About this exercise
Everything from the line containing "Birding gallery image 4" through the line containing "4 Kittens for sale" in the listing below should be copied exactly, and nothing more.

Top of Exercise data

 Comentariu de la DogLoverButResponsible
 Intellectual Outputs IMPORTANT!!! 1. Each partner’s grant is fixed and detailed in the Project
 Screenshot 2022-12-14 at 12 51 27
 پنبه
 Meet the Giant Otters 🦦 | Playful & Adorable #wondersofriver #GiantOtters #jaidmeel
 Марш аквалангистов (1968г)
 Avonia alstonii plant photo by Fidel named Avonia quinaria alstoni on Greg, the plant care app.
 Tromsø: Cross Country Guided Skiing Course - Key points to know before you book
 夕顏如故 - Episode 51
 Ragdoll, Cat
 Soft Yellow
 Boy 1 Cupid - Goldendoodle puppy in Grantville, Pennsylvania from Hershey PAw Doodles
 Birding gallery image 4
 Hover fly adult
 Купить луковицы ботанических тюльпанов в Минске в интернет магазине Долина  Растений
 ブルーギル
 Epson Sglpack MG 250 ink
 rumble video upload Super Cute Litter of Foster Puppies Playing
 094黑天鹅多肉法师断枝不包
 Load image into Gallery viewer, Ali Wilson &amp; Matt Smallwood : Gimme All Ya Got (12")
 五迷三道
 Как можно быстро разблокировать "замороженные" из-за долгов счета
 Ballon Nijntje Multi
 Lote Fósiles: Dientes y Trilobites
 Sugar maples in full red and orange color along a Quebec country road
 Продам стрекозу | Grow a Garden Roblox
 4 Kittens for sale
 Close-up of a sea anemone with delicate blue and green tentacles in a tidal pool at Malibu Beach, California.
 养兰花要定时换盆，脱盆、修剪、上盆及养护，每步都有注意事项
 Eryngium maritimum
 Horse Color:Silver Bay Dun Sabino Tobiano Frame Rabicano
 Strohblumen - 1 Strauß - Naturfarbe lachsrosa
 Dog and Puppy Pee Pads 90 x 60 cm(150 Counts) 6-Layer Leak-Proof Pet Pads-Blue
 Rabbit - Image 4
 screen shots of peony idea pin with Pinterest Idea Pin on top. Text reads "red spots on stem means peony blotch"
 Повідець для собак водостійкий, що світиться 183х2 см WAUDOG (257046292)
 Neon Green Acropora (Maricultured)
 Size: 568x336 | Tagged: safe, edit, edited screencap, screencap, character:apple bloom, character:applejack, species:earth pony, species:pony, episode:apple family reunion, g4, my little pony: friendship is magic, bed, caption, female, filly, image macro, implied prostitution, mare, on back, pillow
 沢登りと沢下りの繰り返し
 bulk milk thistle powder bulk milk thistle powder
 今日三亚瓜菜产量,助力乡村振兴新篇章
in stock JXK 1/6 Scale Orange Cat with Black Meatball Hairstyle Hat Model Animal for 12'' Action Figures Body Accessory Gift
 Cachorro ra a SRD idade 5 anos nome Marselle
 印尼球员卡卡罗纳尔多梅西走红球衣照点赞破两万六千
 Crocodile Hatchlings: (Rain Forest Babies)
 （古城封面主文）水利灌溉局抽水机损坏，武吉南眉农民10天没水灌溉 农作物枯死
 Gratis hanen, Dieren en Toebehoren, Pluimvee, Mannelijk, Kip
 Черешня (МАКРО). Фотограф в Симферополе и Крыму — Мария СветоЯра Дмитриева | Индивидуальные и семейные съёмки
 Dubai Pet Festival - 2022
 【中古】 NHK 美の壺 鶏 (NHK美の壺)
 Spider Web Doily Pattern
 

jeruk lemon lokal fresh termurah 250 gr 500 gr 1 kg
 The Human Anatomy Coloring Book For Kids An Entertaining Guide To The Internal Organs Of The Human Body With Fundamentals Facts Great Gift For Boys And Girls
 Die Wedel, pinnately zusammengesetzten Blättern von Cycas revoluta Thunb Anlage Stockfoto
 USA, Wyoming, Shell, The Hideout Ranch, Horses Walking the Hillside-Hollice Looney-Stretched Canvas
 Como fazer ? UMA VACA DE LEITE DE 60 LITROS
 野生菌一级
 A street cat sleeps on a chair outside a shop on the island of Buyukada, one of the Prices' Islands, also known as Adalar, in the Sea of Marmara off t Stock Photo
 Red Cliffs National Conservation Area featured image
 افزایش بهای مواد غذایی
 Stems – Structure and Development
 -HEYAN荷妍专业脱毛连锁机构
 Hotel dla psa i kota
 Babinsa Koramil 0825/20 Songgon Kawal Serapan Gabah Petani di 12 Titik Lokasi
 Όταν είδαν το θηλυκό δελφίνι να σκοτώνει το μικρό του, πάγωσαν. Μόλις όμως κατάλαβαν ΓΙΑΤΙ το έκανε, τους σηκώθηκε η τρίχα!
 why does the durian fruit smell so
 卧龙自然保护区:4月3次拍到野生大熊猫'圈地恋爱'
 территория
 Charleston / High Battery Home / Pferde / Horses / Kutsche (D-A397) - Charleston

Bottom of Exercise data

Answer
 Birding gallery image 4
 Hover fly adult
 Купить луковицы ботанических тюльпанов в Минске в интернет магазине Долина  Растений
 ブルーギル
 Epson Sglpack MG 250 ink
 rumble video upload Super Cute Litter of Foster Puppies Playing
 094黑天鹅多肉法师断枝不包
 Load image into Gallery viewer, Ali Wilson &amp; Matt Smallwood : Gimme All Ya Got (12")
 五迷三道
 Как можно быстро разблокировать "замороженные" из-за долгов счета
 Ballon Nijntje Multi
 Lote Fósiles: Dientes y Trilobites
 Sugar maples in full red and orange color along a Quebec country road
 Продам стрекозу | Grow a Garden Roblox
 4 Kittens for sale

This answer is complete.